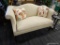 SINGLE CUSHION LOVE SEAT; SINGLE CUSHION CAMELBACK CREAM COLORED LOVE SEAT WITH MAHOGANY LEGS.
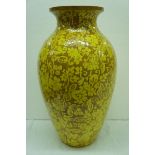 Large art pottery vase in the manner of Burmantofts with floral decoration on a yellow ground. Ht.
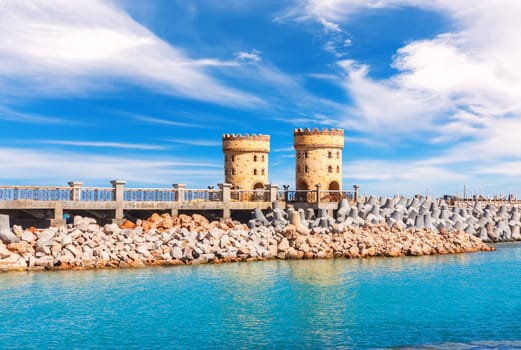 Bridge and towers in the bay of Alexandria, Egypt.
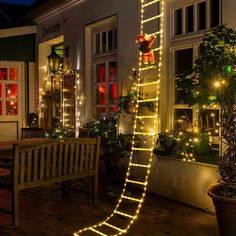 a ladder lit up with christmas lights in front of a house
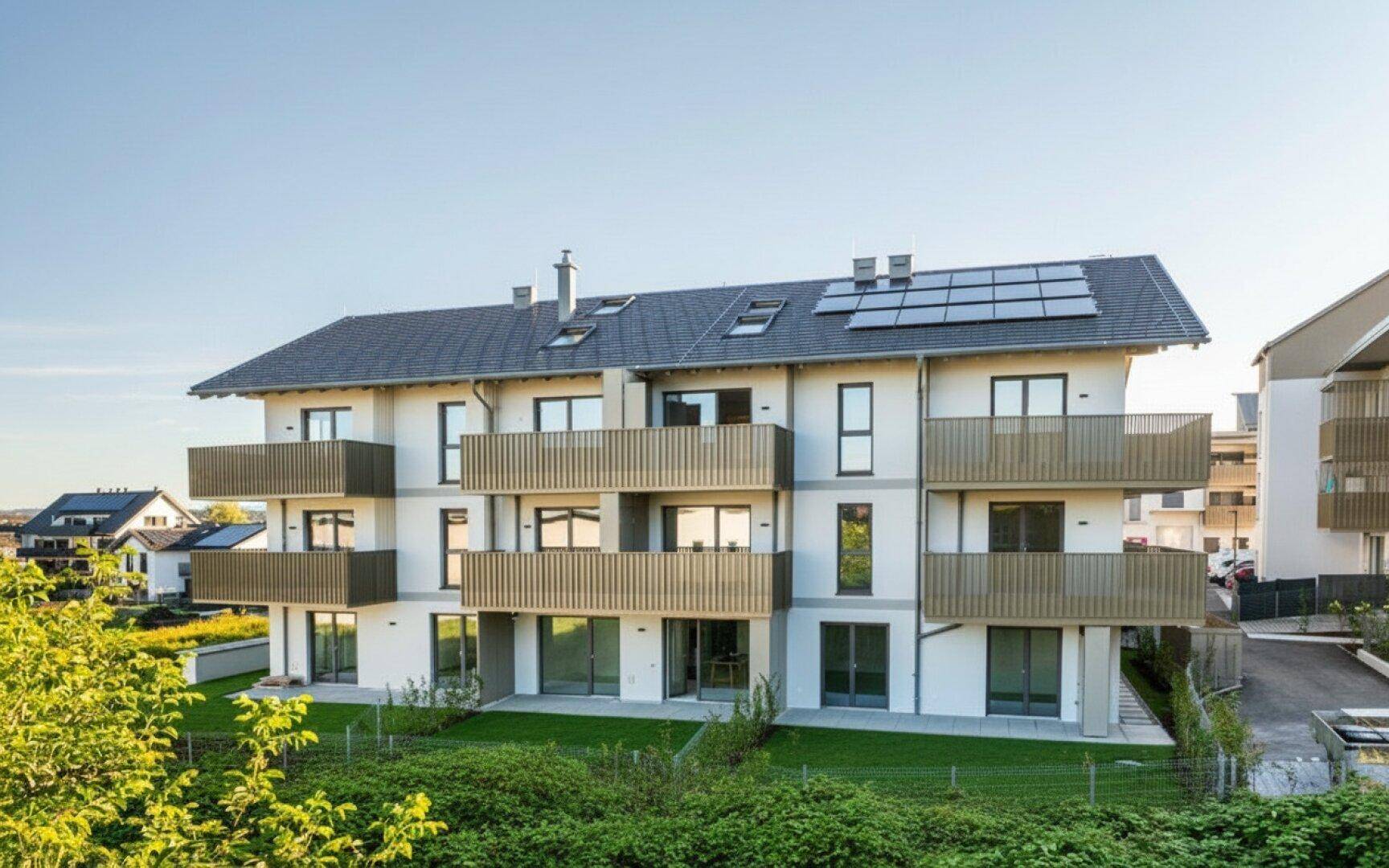 Neubauwohngebäude mit Balkonen, Photovoltaikanlage und gepflegter Außenanlage.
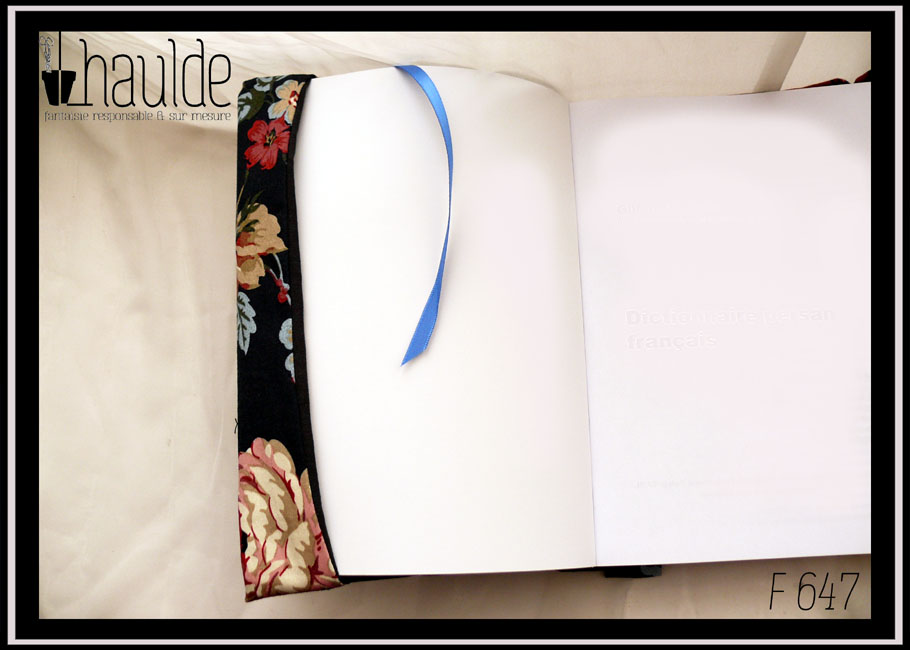 Protège livre en tissu noir imprimé hortensia rouges foncés et blancs Vu ouvert sur un livre, le signet est en satinette bleue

-------

The entries above are to be returned exactly, without their pictures.

**Written response**.
 SINGLE CUSHION LOVE SEAT; SINGLE CUSHION CAMELBACK CREAM COLORED LOVE SEAT WITH MAHOGANY LEGS.
 Large art pottery vase in the manner of Burmantofts with floral decoration on a yellow ground. Ht.
 Bridge and towers in the bay of Alexandria, Egypt.
 a ladder lit up with christmas lights in front of a house
 Neubauwohngebäude mit Balkonen, Photovoltaikanlage und gepflegter Außenanlage.
 Protège livre en tissu noir imprimé hortensia rouges foncés et blancs Vu ouvert sur un livre, le signet est en satinette bleue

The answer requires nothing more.